SANTA ANA — Despite having pleaded guilty to second-degree murder, Richard H. Bourassa Jr. maintained Wednesday that he accidentally shot a friend to death, and that he said otherwise in court only in hope of winning time at the California Youth Authority instead of prison.
In an hourlong interview at the Orange County Jail, Bourassa, 18, told The Times he is not guilty of murder.
"Not at all," he said firmly.
"The reason I made the plea . . . the judge was letting in stuff that shouldn't be let in," most notably evidence of a hauntingly similar 1986 shooting in which Bourassa shot and killed another friend in the same Anaheim Hills home.

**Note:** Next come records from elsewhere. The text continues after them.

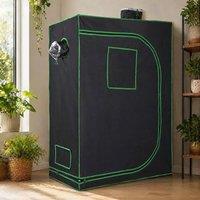 STILVORA Grow Tent 120 x 60 x 150 cm with vents & floor tray in Black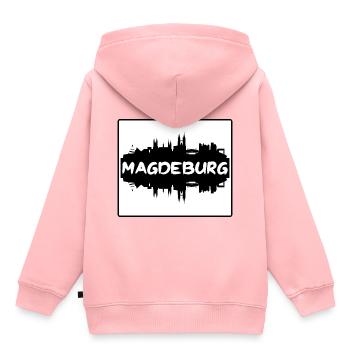Magdebourg Allemagne Skyline Silhouette Voyage Souven - Sweat Premium à capuche enfant bio - rose - Dos - AI Model Kid Female (0cm)
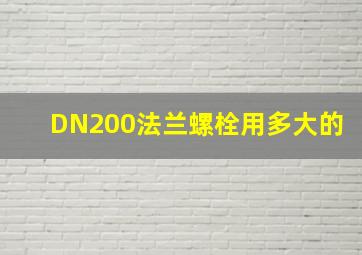 DN200法兰螺栓用多大的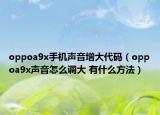oppoa9x手机声音增大代码（oppoa9x声音怎么调大 有什么方法）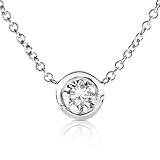 1/4ct Round Bezel Set Diamond Solitaire Necklace (HI/I1) on a 14k white gold 16 chain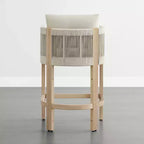 Tabouret de bar de comptoir moderne Spruce&Spring en bois d'acacia rembourré avec dossier en corde tressée à la main pour intérieur et extérieur, lot de 2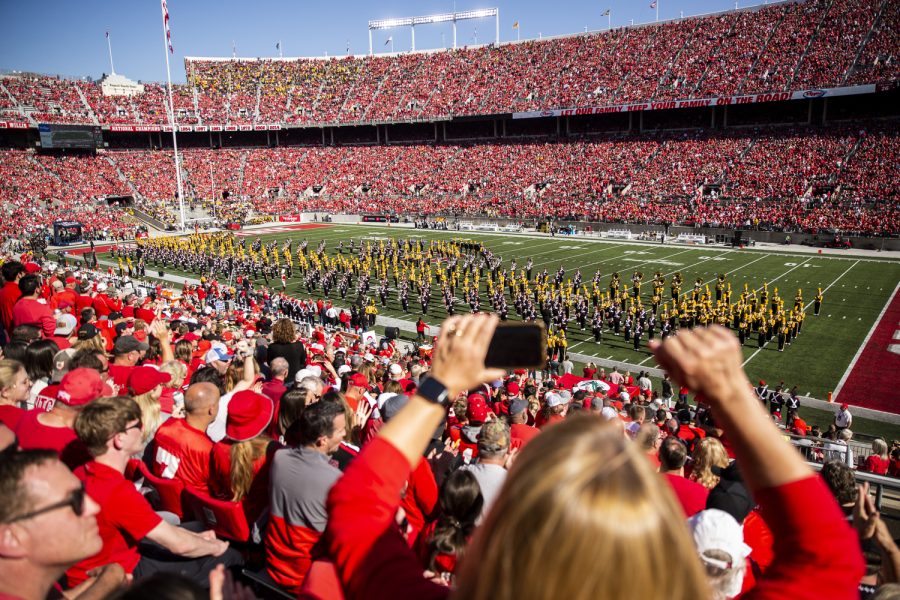 The Iowa marching band and Ohio State marching band perform together at halftime during a football game between Iowa and No. 2 Ohio State at Ohio Stadium in Columbus, Ohio, on Saturday, Oct. 22, 2022. The Buckeyes did a joint performance for the first time in about 30 years. The Buckeyes defeated the Hawkeyes, 54-10.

Two days ago Bourassa tearfully told a judge he had deliberately aimed a gun at 17-year-old Christian Wiedepuhl last May 24 and pulled the trigger, knowing death was a possible result.
"That's what I had to say. . . . It wasn't too easy for me to do in court," Bourassa said. "My lawyer explained to me (that) if you're on a battleship and you take a hit, you want to seal off all the rooms if you can, and maybe this way, take less damage. I've been thinking about this for months."
Bourassa had not told the court why he intentionally aimed the gun at his friend, but his attorney explained later that Bourassa was "upset" because Christian had allegedly pointed the loaded, .38-caliber pistol at him first.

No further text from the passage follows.